Womble Bond Dickinson hires corporate partner, launches 21st US office in Nashville

Masami Izumida Tyson joins as the office's fourth partner

Masami Izumida Tyson

Womble Bond Dickinson has hired a lawyer from the Tennessee Department of Economic and Community Development (TNECD) as the fourth partner based in its Nashville office, which opened last month as the firm’s 21st office in the US and 28th internationally. 

Masami Izumida Tyson joins Womble Bond’s Nashville office as a partner in the firm’s corporate and securities practice after three years as TNECD’s global director of foreign direct investment and trade. 

She becomes the fourth partner and sixth lawyer to join the Nashville office after it opened in June with existing partners John Scannapieco, Josh Mullen and Alan Elsen. The trio are currently splitting their time between Washington DC and Nashville alongside associate Frank Xue and counsel Joy Holloway, who was previously based full-time in Atlanta. 

Prior to joining TNECD in 2018, Tyson spent three years as senior in-house counsel at Nissan North America. Before that, she worked in Tokyo as the legal department director at Mentor Graphics Japan, an electronics design automation company that was purchased by Siemens in 2017. 

Jamie Francis, head of Womble Bond’s corporate and securities practice group, said: “Masami has a stellar reputation and is highly regarded in the Japanese business community both here in the US and Japan. She will be an integral part of the growth of the Nashville office and the building of a Japanese practice within our global business and international trade team.”

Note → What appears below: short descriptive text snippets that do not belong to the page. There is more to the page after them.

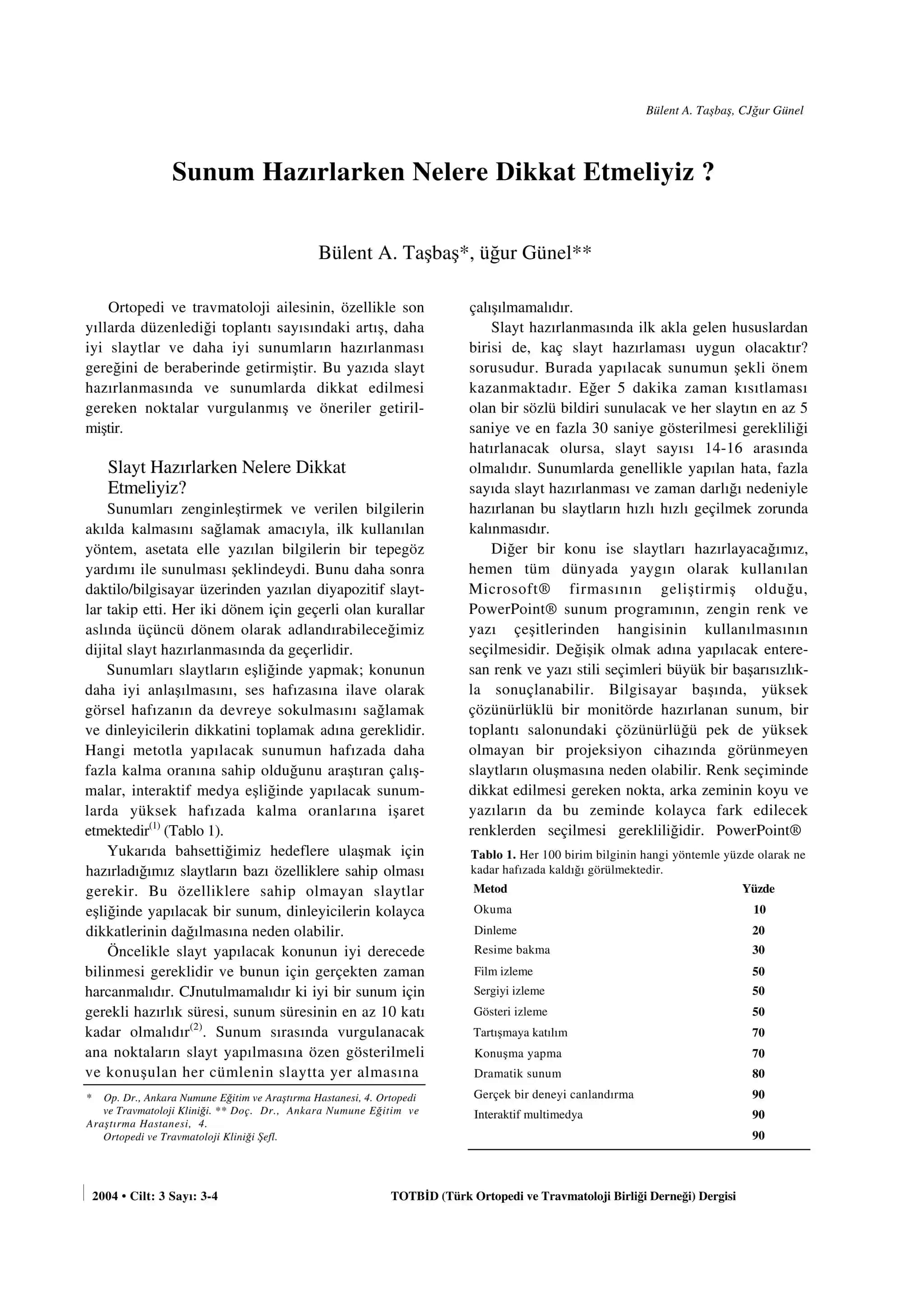 Şampuanı Ellerinizde Emülsifiye Etmek Terimi ve Kimyasal Doğruluğu Üzerine İnceleme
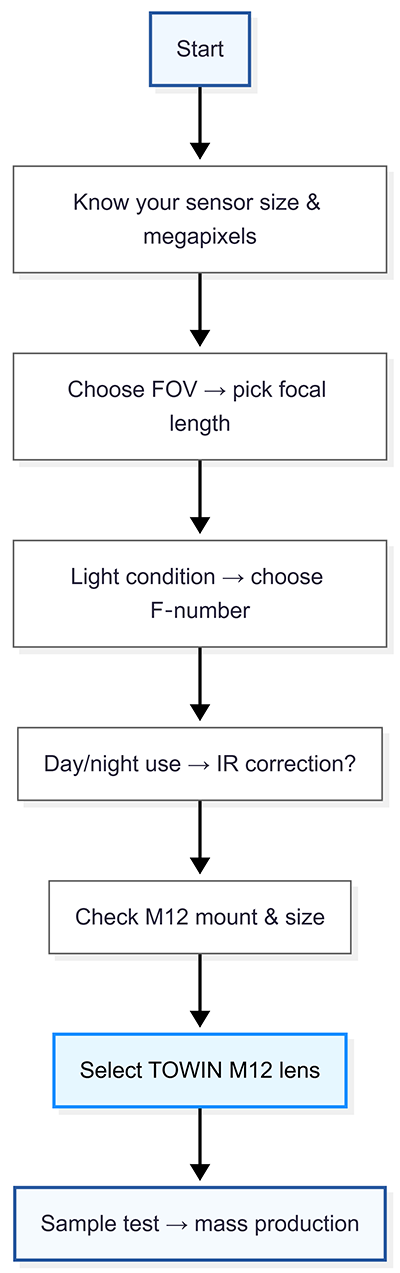 towin-m12-lens-selection-flowchart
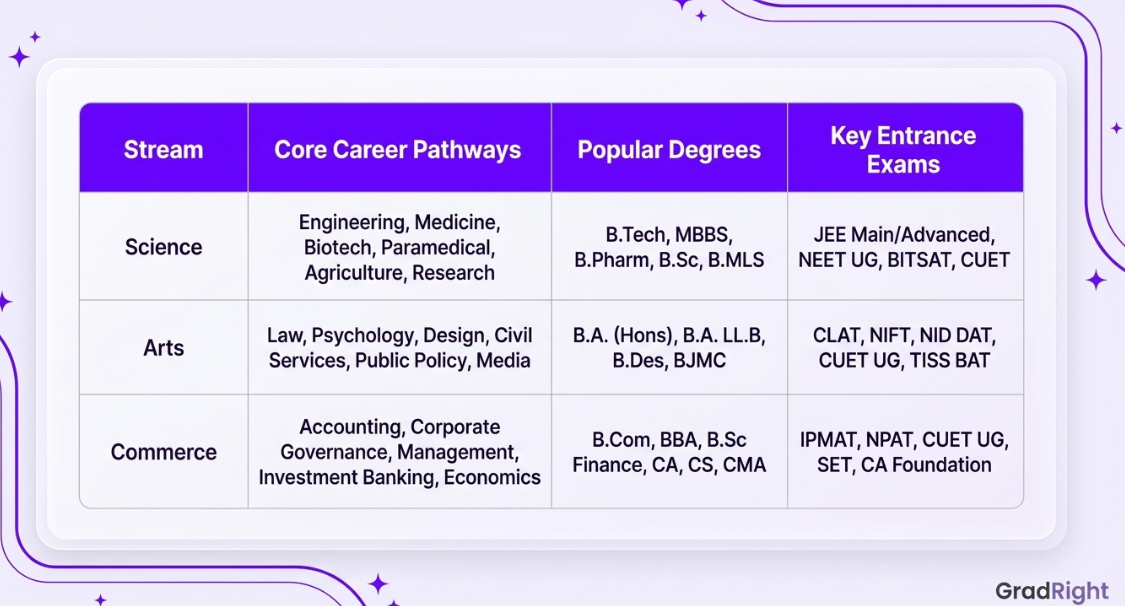 Image showing core career pathways, popular degrees, and key entrance exams for science, commerce, arts stream.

On Womble Bond's strategy in Nashville, Francis said the firm identified “significant opportunity to assist clients on their global operations from the region and to attract high-quality lawyers” to its global business and international trade team as Nashville continues to grow “both in terms of GDP growth and the extent to which talent is moving into the city”. 

“As Nashville continues to be a growing center for international in-bound and out-bound business activities, as well as a thriving hub for several key tech-based industries and a destination for leading companies, the timing was right to continue our growth trajectory with a new office in Nashville,” he said. 

The Nashville launch follows the firm securing a five-lawyer team from intellectual property boutique Abelman Frayne & Schwab to open an office in New York in April. 

In the years since the merger between UK-based Bond Dickinson and US practice Womble Carlyle Sandridge & Rice went live to create the firm in 2017, the combined outfit has also opened offices in Boston, Los Angeles, Palo Alto and Houston.

To date, national and international US firms have largely side-stepped Nashville, although last year K&L Gates hired 18 partners from four of Nashville’s leading law firms to open there.

It also hosts Pillsbury’s global operations centre and legal services department, while Baker Donelson, the result of merger between Memphis and Tennessee firms, has more than 100 lawyers in the city.

Nashville is best known as a centre for healthcare and boasts the headquarters of HCA Healthcare, which ranks 65th in the Fortune 500.

Other firms to open offices in the South recently include McDermott Will & Emery and Ashurst, which both opened in Austin, Texas, while K&L Gates opened an office in Kansas City with four partners from Husch Blackwell in June.